[Dataset extract Boundary: Start]
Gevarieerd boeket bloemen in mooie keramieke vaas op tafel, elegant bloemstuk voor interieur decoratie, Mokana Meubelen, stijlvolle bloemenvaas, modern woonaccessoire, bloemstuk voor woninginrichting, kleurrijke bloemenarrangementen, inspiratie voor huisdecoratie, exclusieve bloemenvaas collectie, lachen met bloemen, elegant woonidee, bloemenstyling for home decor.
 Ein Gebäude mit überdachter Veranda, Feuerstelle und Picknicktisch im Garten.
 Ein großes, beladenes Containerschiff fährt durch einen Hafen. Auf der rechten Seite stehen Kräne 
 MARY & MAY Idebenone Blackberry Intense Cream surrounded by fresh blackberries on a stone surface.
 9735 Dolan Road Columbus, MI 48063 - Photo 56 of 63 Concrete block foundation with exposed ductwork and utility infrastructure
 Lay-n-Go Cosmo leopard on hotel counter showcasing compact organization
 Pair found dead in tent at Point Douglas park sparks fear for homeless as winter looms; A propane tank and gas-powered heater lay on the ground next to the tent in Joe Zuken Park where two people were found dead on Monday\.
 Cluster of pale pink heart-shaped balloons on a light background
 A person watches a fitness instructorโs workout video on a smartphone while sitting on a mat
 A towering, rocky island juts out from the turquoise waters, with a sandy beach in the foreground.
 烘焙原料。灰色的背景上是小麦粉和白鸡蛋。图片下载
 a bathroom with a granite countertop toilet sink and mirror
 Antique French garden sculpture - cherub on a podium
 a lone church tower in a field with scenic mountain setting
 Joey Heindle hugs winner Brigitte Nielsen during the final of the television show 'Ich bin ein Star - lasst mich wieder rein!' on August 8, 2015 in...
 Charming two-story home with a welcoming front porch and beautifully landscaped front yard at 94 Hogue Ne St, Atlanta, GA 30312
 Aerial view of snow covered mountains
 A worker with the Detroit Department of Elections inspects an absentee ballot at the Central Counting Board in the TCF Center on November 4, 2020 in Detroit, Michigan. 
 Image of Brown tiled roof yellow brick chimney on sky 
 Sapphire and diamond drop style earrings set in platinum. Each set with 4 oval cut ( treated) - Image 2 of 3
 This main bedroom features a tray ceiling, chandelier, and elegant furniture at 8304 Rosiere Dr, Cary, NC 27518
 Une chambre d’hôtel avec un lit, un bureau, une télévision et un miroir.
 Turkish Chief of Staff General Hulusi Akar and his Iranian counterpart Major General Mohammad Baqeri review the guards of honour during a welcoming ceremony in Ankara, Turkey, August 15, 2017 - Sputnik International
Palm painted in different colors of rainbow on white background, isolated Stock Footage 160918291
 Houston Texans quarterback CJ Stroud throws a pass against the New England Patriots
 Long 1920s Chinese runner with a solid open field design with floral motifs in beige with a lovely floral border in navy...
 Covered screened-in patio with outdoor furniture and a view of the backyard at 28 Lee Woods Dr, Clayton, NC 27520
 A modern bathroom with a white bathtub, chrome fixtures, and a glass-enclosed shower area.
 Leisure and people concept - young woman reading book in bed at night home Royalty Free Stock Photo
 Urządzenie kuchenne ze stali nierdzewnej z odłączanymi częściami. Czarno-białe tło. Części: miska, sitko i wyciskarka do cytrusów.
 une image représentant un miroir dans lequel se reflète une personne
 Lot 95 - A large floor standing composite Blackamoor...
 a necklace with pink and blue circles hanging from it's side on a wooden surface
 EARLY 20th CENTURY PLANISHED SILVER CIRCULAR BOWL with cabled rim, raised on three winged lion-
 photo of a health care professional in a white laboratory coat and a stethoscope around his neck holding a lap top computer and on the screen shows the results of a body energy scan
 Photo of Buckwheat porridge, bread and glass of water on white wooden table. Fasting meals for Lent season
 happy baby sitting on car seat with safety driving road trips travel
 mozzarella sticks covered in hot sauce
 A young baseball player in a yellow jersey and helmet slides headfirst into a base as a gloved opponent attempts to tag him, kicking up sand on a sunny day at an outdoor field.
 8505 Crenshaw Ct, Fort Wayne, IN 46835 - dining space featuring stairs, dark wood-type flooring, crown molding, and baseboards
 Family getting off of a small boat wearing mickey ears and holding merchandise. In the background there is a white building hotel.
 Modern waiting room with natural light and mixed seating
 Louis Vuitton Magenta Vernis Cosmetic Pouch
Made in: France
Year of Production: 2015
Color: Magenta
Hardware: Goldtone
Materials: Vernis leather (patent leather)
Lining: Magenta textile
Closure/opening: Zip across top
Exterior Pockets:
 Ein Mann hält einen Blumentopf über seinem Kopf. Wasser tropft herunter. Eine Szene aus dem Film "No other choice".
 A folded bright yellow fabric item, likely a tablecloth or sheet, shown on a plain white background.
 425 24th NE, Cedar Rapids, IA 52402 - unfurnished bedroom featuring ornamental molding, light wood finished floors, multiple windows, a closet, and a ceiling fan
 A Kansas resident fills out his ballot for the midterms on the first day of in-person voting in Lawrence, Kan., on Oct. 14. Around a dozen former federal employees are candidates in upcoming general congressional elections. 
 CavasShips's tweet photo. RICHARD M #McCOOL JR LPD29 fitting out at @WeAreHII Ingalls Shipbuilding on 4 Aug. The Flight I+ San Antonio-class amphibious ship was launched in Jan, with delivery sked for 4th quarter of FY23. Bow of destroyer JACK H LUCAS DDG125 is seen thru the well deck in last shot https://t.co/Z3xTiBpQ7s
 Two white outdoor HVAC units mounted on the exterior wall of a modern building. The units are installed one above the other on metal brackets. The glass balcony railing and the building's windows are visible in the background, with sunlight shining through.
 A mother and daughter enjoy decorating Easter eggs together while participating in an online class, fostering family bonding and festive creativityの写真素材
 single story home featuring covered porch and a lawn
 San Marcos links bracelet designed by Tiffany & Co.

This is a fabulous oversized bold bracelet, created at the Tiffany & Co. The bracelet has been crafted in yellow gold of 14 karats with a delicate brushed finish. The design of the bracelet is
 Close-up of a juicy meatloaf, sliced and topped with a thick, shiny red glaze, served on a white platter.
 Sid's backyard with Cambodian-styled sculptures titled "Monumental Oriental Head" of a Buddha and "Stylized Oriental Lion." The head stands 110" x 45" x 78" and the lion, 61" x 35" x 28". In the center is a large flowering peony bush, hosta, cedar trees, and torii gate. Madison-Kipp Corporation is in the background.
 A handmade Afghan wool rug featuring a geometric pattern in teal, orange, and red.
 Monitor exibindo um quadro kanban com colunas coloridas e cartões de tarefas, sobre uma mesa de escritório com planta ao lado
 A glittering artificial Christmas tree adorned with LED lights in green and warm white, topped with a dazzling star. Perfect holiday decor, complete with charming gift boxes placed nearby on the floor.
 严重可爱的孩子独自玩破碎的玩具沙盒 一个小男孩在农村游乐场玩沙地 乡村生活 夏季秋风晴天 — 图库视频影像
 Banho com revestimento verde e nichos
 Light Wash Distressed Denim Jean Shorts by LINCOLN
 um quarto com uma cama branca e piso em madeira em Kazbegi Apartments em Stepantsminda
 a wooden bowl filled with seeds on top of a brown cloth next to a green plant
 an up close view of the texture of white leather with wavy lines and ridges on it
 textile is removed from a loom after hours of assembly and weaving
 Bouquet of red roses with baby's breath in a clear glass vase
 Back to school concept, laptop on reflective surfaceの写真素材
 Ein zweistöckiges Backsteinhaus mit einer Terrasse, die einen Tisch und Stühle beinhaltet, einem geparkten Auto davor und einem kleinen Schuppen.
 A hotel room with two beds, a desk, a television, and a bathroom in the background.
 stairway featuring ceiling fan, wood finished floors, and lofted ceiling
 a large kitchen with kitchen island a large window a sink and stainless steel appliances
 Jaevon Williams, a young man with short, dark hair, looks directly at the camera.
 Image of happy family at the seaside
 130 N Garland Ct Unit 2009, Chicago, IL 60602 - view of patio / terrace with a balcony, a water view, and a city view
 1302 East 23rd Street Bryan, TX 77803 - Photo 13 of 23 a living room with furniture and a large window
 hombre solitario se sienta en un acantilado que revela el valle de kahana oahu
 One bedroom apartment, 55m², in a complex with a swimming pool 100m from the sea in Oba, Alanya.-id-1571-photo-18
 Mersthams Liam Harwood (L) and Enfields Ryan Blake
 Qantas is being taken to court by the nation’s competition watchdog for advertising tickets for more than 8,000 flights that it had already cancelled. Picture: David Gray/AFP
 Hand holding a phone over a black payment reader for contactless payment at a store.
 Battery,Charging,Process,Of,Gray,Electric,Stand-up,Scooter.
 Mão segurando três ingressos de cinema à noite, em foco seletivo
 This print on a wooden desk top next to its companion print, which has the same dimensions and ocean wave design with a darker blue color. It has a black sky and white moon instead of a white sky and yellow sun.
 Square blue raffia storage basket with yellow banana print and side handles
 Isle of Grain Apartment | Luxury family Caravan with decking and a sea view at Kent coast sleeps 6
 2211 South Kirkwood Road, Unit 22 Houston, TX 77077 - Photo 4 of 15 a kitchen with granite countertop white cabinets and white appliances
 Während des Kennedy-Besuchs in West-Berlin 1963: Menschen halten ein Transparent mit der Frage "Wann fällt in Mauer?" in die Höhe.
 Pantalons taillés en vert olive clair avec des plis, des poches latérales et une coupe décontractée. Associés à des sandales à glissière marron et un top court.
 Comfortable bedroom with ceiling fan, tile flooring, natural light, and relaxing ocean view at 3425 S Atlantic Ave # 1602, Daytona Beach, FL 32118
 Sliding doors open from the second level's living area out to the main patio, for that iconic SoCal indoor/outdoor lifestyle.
[Dataset extract Boundary: End]
Please find the lines in the data that contain the word "miroir" and copy them.

- Answer to this task -
 Une chambre d’hôtel avec un lit, un bureau, une télévision et un miroir.
 une image représentant un miroir dans lequel se reflète une personne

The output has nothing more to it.